▶ [YOUR TASK] Beginning with the line that contains "Stampo per maniche di plastica" and ending with the line that contains "Mini Smell Proof Backpack", reproduce the lines of the entries below exactly, omitting pictures.

▶ [RECORD EXCERPTS]
******

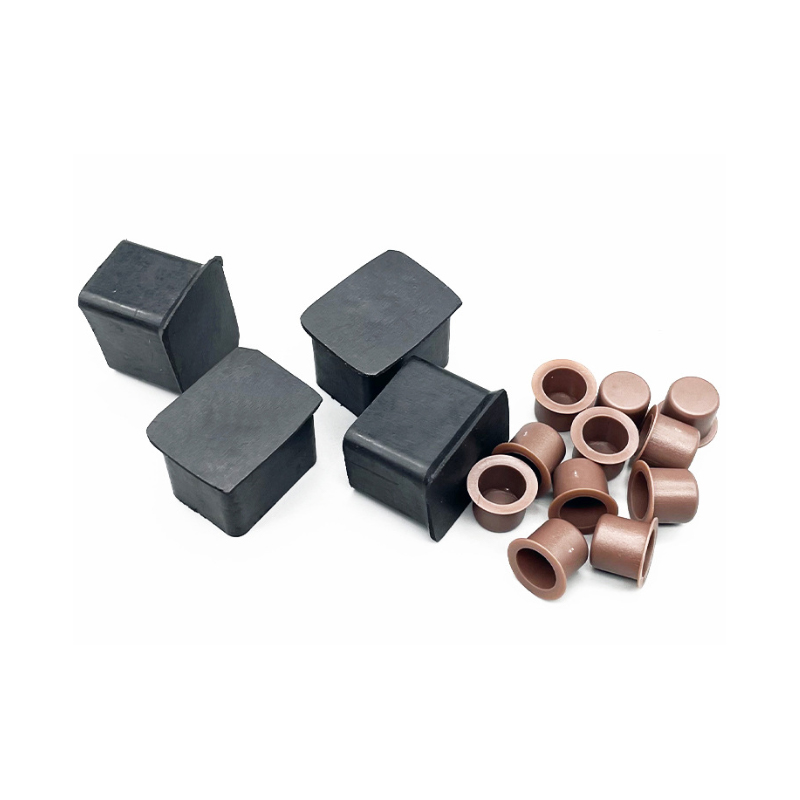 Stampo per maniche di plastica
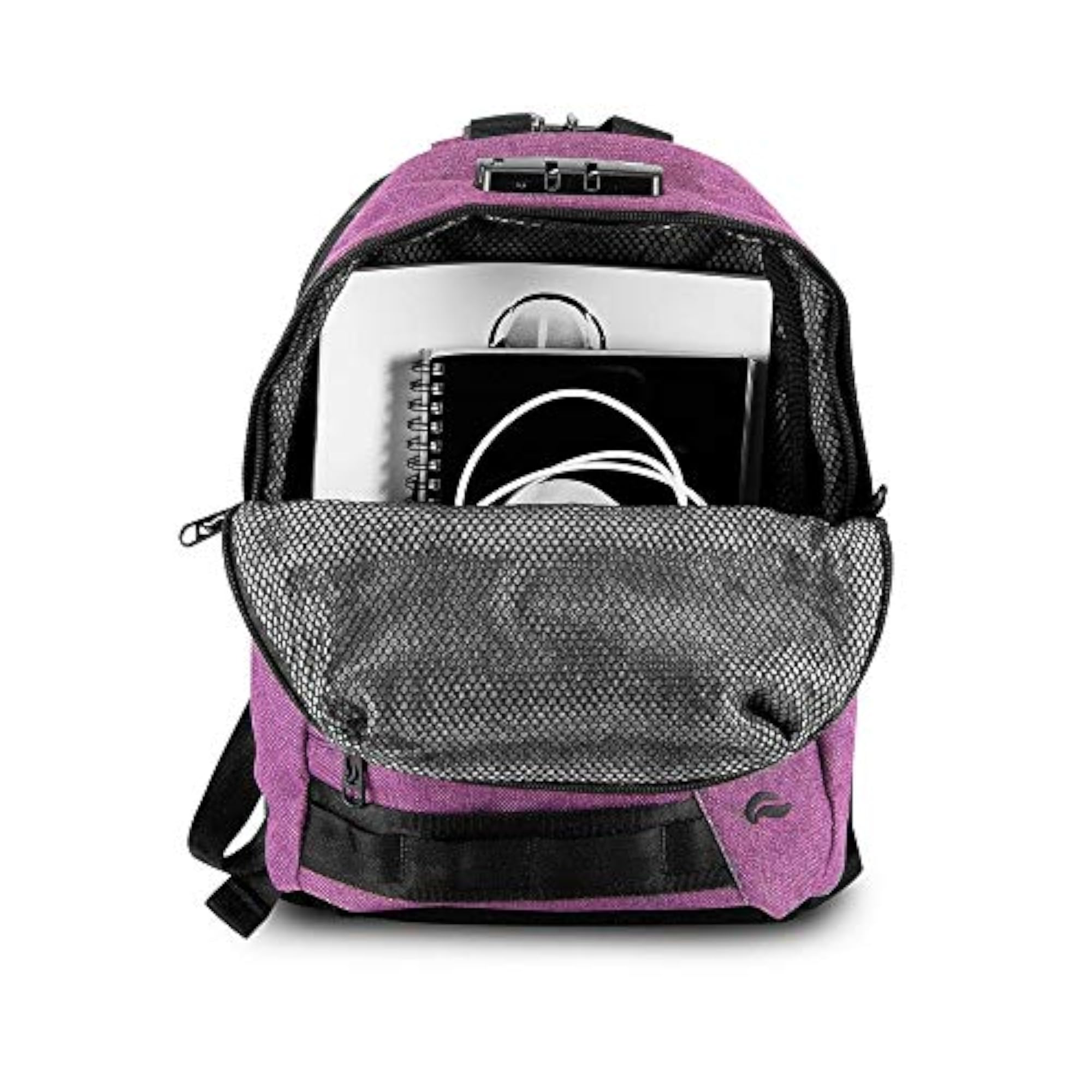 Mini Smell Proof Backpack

******

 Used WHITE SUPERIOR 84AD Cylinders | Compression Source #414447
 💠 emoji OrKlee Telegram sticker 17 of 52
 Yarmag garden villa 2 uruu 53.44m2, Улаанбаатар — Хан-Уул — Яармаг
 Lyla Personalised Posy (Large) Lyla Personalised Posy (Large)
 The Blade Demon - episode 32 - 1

******

▶ [TASK SOLUTION]
 Stampo per maniche di plastica
 Mini Smell Proof Backpack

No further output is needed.